The president of El Salvador has said he has no plans to sell the country’s vast bitcoin holdings, despite seeing a profit of over 50 per cent.

The Central American country became the first in the world to adopt bitcoin as an official currency in 2021, while also investing state funds into the asset.

A crypto market downturn in 2022 saw El Salvador facing heavy losses, however a strong recovery means bitcoin is now approaching an all-time high.

The cryptocurrency reached above $65,000 (£51,000) on Monday, less than $4,000 away from its record price from November 2021.

El Salvador holds roughly 2,380 bitcoins, purchased at an average price of $44,300, meaning the $105 million investment is now worth more than $155 million.

“When bitcoin’s market price was low, they wrote literally thousands of articles about our supposed losses,” Mr Bukele wrote on X, formerly Twitter, on Thursday, when bitcoin was trading at around $60,000.

“Now that bitcoin’s market price is way up, if we were to sell, we would make a profit of over 40 per cent (just from the market purchases), and our main source of BTC is now our citizenship program.

“We won’t sell, or course; at the end 1 BTC = 1 BTC (this was true when the market price was low and it’s true now); but it’s very telling that the authors of those hit pieces, the ‘analysts’, the ‘experts’, the ‘journalists’, are totally silent now. Remember this, next time they spill lies again about El Salvador.”

Under El Salvador’s Bitcoin Law, every Salvadoran was eligible to receive $30 worth of free bitcoin in order to incentivise its roll out.

The International Monetary Fund (IMF) criticised the introduction of bitcoin as an official currency, calling for it to be withdrawn in 2022. The organisation cited risks regarding “financial stability, financial integrity and consumer protection”, claiming that price volatility and the potential for criminal misuse made it unsuitable.

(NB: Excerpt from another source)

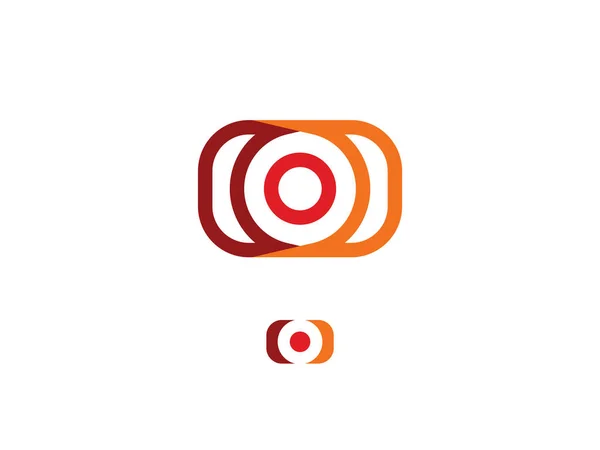 Kamera Abstrakte Vektor-Logo-Vorlage, minimales Design-Logotyp-Konzept für digitales Kunststudio, Fotostudio, Fotograf und Bildbearbeitungs-App, isoliert auf schwarzem Hintergrund — Stockvektor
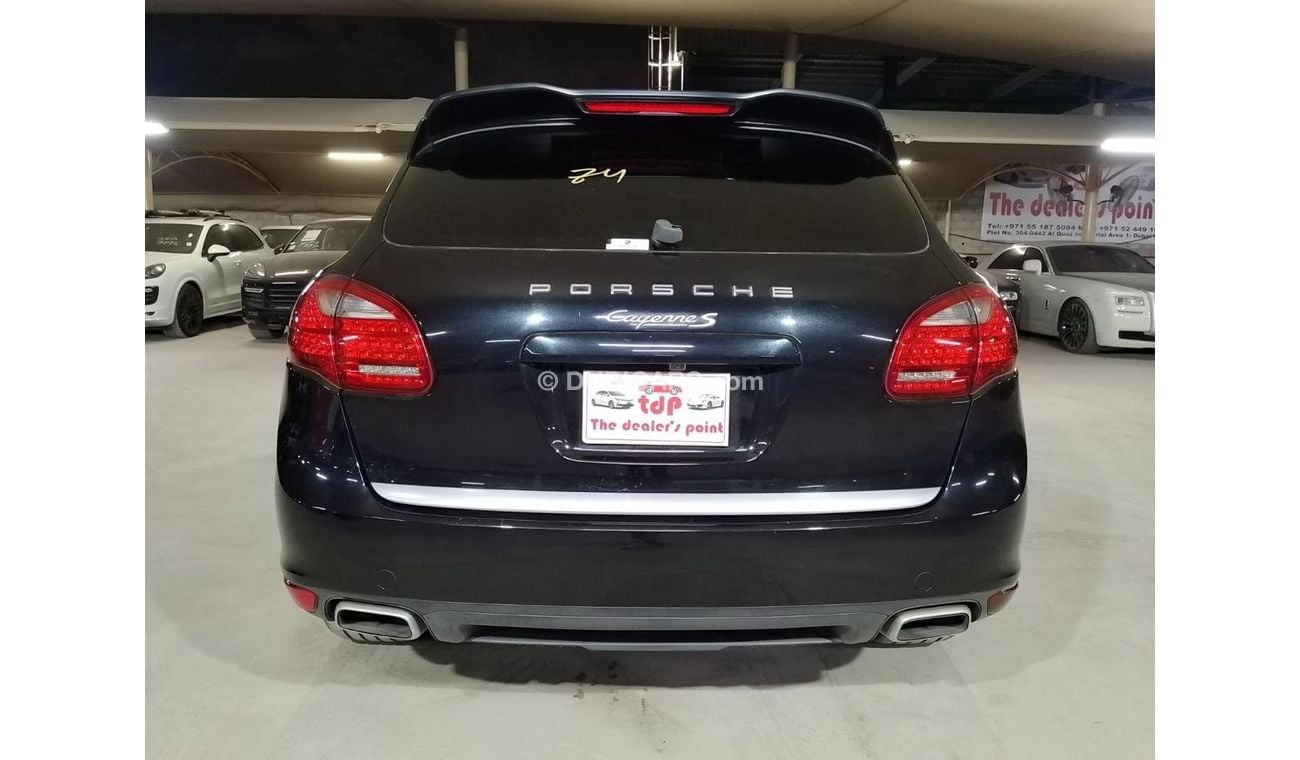 Porsche Cayenne S 4.8L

El Salvador’s Treasury Minister Alejandro Zelaya dismissed the concerns at the time, saying that bitcoin offered citizens a way to bypass high remittance fees, while also reducing the country’s reliance on the US dollar.

The rising price of bitcoin has been attributed to the recent approval of the first ever spot exchange-traded fund (ETF) in the US, which opened up the market to billions of dollars worth of institutional investment.

An upcoming event called the ‘halving’, which will see bitcoin mining rewards slashed in half, has also been noted by analysts as a factor in the cryptocurrency’s surging price.